Quel infatigable destructeur, le Gange ! Tant de palais écroulés dans ses eaux ! Des façades entières ont glissé, sont descendues sans se rompre et demeurent là, à demi noyées. Et tant de temples ! Ceux d’en bas, qui voisinent trop avec le fleuve, ont toutes leurs pyramides penchées comme des tours de Pise, sapées en dessous, irrémédiablement. Ceux d’en haut seuls, protégés par l’amas des granits, par l’entassement des substructions de tous les âges, ont gardé droites leurs pointes rouges ou leurs pointes d’or qui montent dans le ciel, chacune accompagnée de son tourbillon d’oiseaux noirs. — Et comme elle est d’aspect mystérieux, en ces pays, la pyramide brahmanique, lorsqu’on la détaille ! « Un grand if de cimetière, » avais-je dit en cherchant à la comparer ; mais, de près, elle est plus étrange que cela : elle est l’assemblage en faisceau d’une myriade de petits clochetons, d’une myriade de petites choses toutes pareilles, et dont la forme inchangeable, consacrée par les siècles, ne ressemble à rien de connu dans notre architecture occidentale.

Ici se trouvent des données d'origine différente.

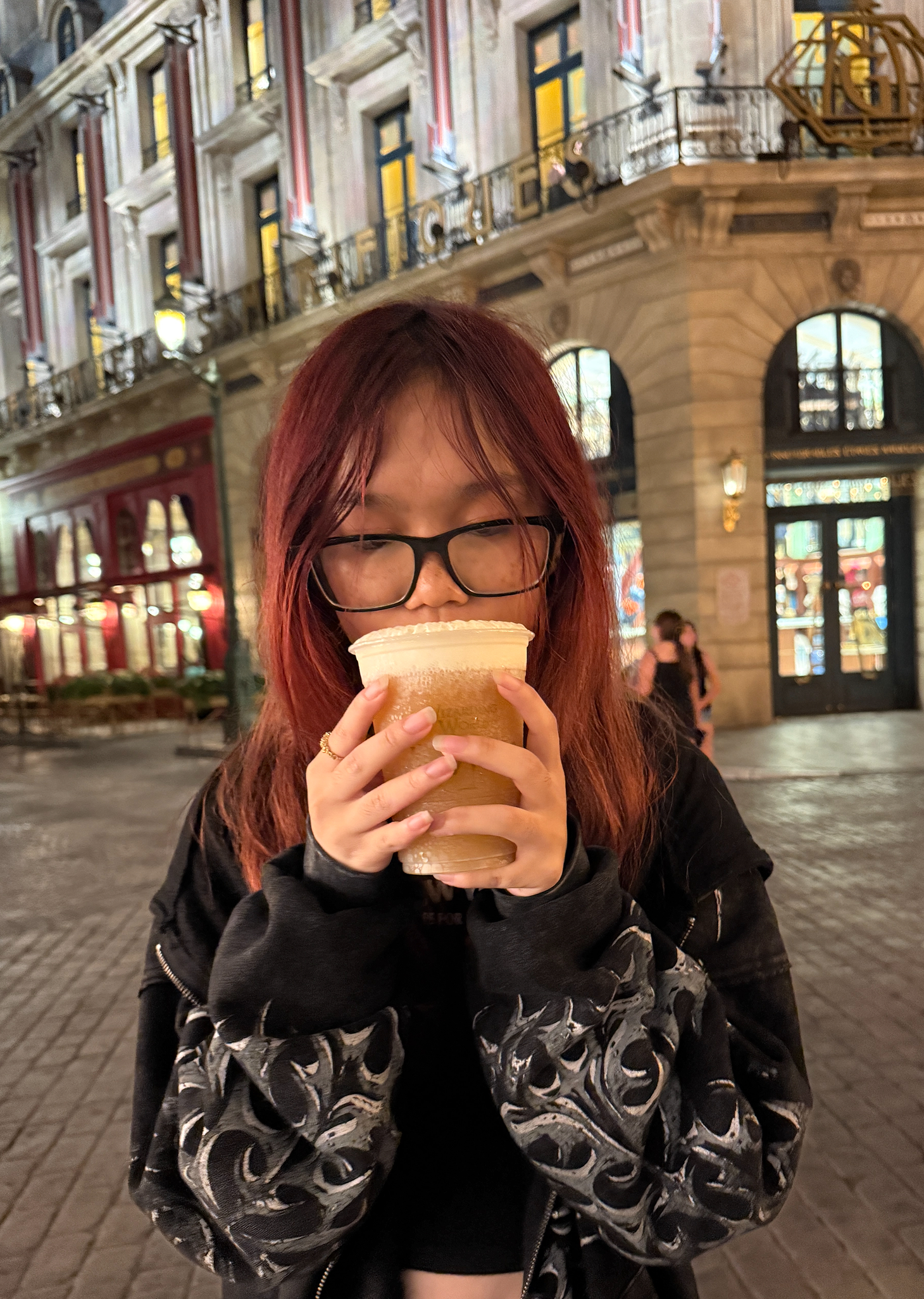 Tina Le holding a butterbeer at Universal Studios' Diagon Alley at night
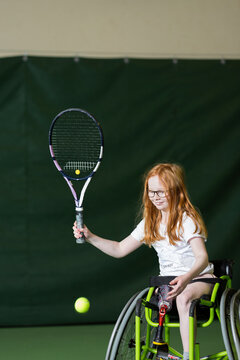 Girl In Wheelchair Playing Tennis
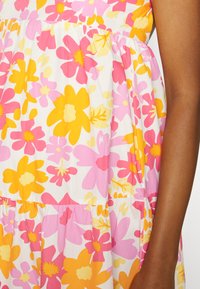 Vestido floral com grandes flores amarelas, cor-de-rosa e brancas sobre um fundo branco. Tecido texturizado com pregas na cintura.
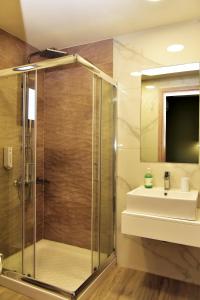a bathroom with a shower and a sink at Lafo Rooms in Elafonisi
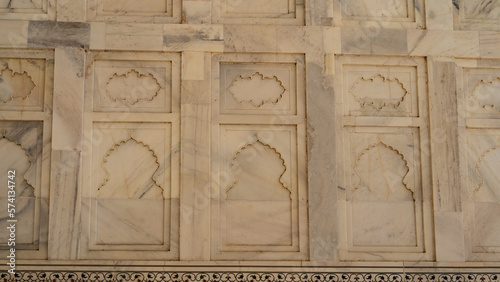 Details of the architecture of the ancient Taj Mahal. There are symmetrical decorative carvings and ornaments on the marble wall. India. Agra. Close-up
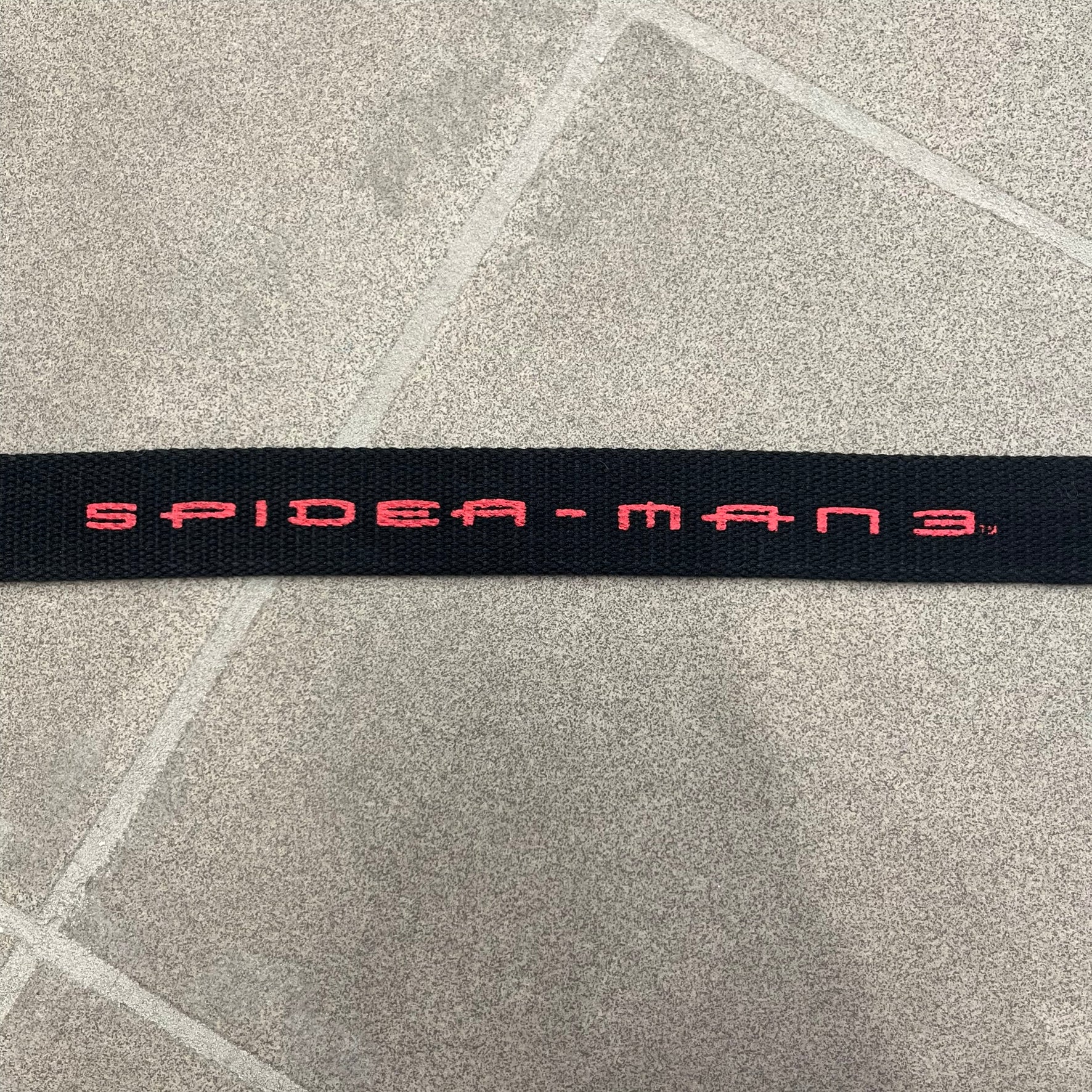 Spider-Man 3 2007 Black Belt is a black adjustable belt featuring repeated horizontal red Spider-Man 3 logo graphics across the strap. The belt has a red metal buckle with a Spider-Man graphic on the front showing him swinging. It includes a metal belt tip finish and a regulated sizing system for adjustment.
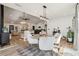 Cozy dining area with modern lighting, wood-look floors, and neutral decor at 2294 Lakeview Ave, Clermont, FL 34711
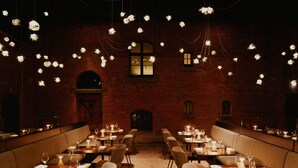 A restaurant with multiple tables and chairs, a brick wall, and hanging lights.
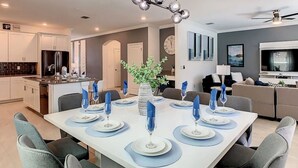 A modern dining area with a white table set for six, surrounded by grey chairs.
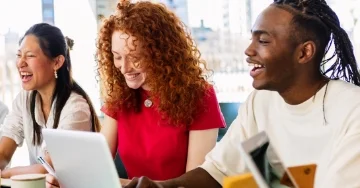 Group of smiling and laughing students together at a table.
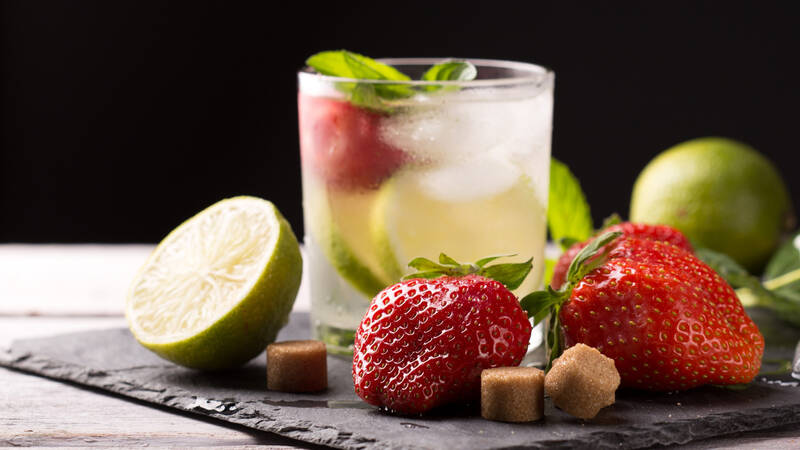 Auf einer Schieferplatte liegen Limetten, Erdbeeren und Würfel aus braunem Zucker dekorativ arrangiert. Dahinter steht ein Glas, gefüllt mit Eiswürfeln, Erdbeeren, Limetten, Zitronenscheiben und einem erfrischenden Drink.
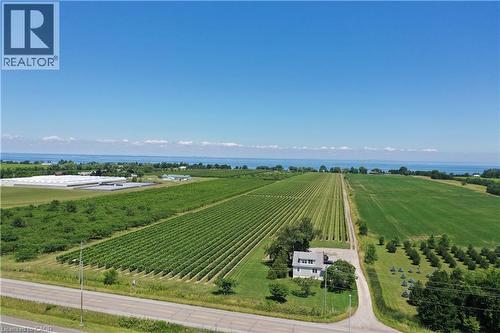 Expansive rural property featuring a two-story home, cultivated fields, and distant water - 3705 Service Road N, Beamsville, ON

Le peuple de Brahma est à présent réuni tout entier sur l’eau de son fleuve profond ; les mille petits radeaux attachés à la rive fléchissent et s’enfoncent sous le poids des hommes en prière. Et, au-dessus de tout ce monde, qui a les mains jointes ou qui jette des fleurs, ce sont les escaliers gris, les soubassemens gris, toute la zone des constructions lourdes et couleur de vase, qui semblent les racines déchaussées de la sainte Bénarès.

Ma barque, remontant sans hâte le cours du fleuve, vient à passer ensuite devant des quais plus solitaires, un quartier de vieux palais, où il n’y a plus de radeaux le long du bord. (Tous les rajahs des pays d’alentour ont sur le Gange une résidence, un peu délaissée, où ils viennent de temps à autre faire une retraite.) Les murailles massives montent d’abord droites, sans ouvertures, et c’est seulement tout en haut que commencent les fenêtres, les balcons, la vie de ces impénétrables demeures. Des musiques se font là-dedans, ce soir, des musiques étouffées, gémissantes, et comme de souffle trop court. On entend pleurer des musettes au timbre de hautbois. Parfois, ce n’est qu’une seule phrase, une lamentation, qui s’élève et qui meurt ; et puis, après un court silence traversé par un croassement de corbeau, une autre phrase, comme une réponse, arrive d’un autre palais.